Required Navigation Performance - Application of Performance Monitoring and Alerting To Aircraft

Application of Performance Monitoring and Alerting To Aircraft

Although the TSE can change significantly over time for a number of reasons, including those above, the RNP navigation specifications provide assurance that the TSE distribution remains suitable to the operation. This results from two requirements associated with the TSE distribution, namely:

  • the requirement that the TSE remains equal to or better than the required accuracy for 95% of the flight time; and
  • the probability that the TSE of each aircraft exceeds the specified TSE limit (equal to two times the accuracy value) without annunciation is less than 10 −5.

Typically, the 10−5 TSE requirement provides a greater restriction on performance. For example, with any system that has TSE with a normal distribution of cross-track error, the 10−5 monitoring requirement constrains the standard deviation to be 2 x (accuracy value)/4.45 = accuracy value/2.23, while the 95% requirement would have allowed the standard deviation to be as large as the accuracy value/1.96.

It is important to understand that while these characteristics define minimum requirements that must be met, they do not define the actual TSE distribution. The actual TSE distribution may be expected to be typically better than the requirement, but there must be evidence on the actual performance if a lower TSE value is to be used.

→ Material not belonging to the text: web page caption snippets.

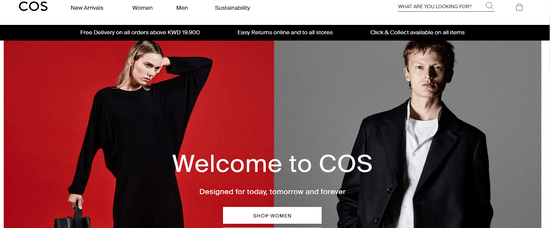 COS Website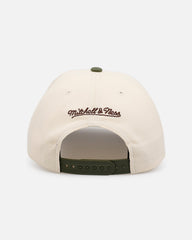 Mitchell & Ness New York Yankees 'Hand Stitch' Deadstock Snapback Olive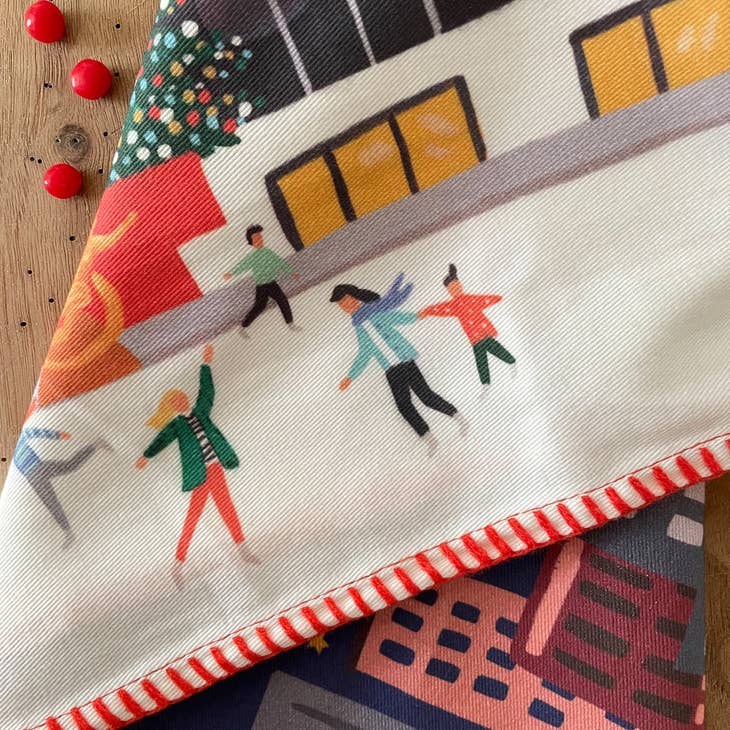 Rockefeller Tea Towel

In applying the performance monitoring requirement to aircraft, there can be significant variability in how individual errors are managed:

  • some systems monitor the actual cross-track and along-track errors individually, whereas others monitor the radial NSE to simplify the monitoring and eliminate dependency on the aircraft track, e.g. based on typical elliptical 2-D error distributions.
  • some systems include the FTE in the monitor by taking the current value of FTE as a bias on the TSE distribution.
  • for basic GNSS systems, the accuracy and 10−5 requirements are met as a by-product of the ABAS requirements that have been defined in equipment standards and the FTE distribution for standardised course deviation indicator (CDI) displays.

It is important that performance monitoring is not regarded as error monitoring. A performance monitoring alert will be issued when the system cannot guarantee, with sufficient integrity, that the position meets the accuracy requirement. When such an alert is issued, the probable reason is the loss of capability to validate the position data (insufficient satellites being a potential reason). For such a situation, the most likely position of the aircraft at that time is exactly the same position indicated on the pilot display. Assuming the desired track has been flown correctly, the FTE would be within the required limits and therefore the likelihood of the TSE exceeding twice the accuracy value just prior to the alert is approximately 10−5. However, it cannot be assumed that simply because there is no alert the TSE is less than twice the accuracy value: the TSE can be larger. An example is for those aircraft that account for the FTE based on a fixed error distribution: for such systems, if the FTE grows large, no alert is issued by the system even when the TSE is many times larger than the accuracy value. For this reason, the operational procedures to monitor the FTE are important.